▸ **DATA**:
=-=-=

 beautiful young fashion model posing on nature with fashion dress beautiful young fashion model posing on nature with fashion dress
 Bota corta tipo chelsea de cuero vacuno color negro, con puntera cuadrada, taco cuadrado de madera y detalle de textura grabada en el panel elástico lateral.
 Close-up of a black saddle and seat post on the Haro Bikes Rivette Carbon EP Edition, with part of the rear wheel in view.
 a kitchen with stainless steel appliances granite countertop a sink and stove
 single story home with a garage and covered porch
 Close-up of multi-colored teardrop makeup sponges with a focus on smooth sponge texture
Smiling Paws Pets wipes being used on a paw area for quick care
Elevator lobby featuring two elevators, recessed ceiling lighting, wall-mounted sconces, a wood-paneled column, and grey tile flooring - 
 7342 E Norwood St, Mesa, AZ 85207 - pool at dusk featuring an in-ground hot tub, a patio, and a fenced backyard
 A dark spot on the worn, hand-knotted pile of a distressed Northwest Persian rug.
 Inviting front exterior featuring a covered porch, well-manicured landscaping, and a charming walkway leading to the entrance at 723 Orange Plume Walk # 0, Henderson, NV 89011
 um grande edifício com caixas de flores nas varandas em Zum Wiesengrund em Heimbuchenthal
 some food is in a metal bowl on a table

=-=-=

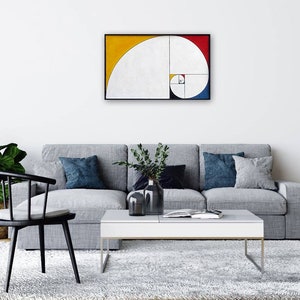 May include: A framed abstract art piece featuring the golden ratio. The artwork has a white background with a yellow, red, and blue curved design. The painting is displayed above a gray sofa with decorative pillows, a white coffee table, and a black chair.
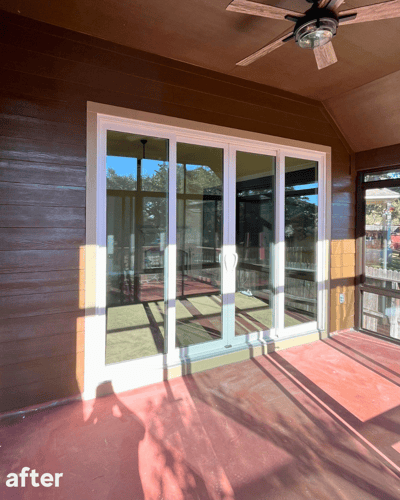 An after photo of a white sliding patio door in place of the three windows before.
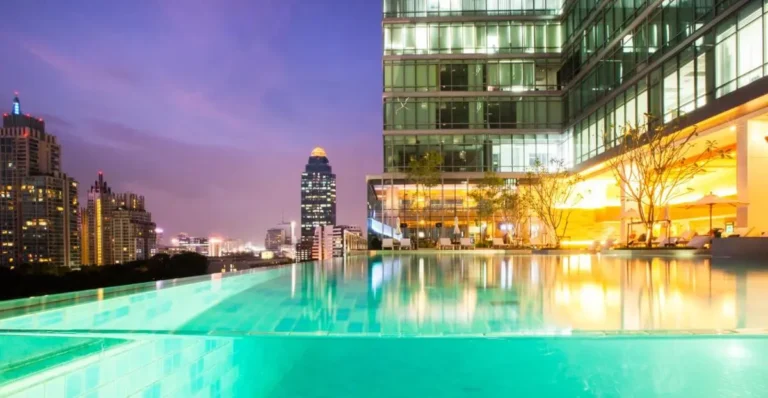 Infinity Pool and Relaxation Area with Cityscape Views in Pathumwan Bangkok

=-=-=

▸ **ASSIGNED TASK**: From the line holding "um grande edifício" to the line holding "some food is in a metal bowl on a table", inclusive, restate each line above exactly as written.

▸ **YOUR RESPONSE**:
 um grande edifício com caixas de flores nas varandas em Zum Wiesengrund em Heimbuchenthal
 some food is in a metal bowl on a table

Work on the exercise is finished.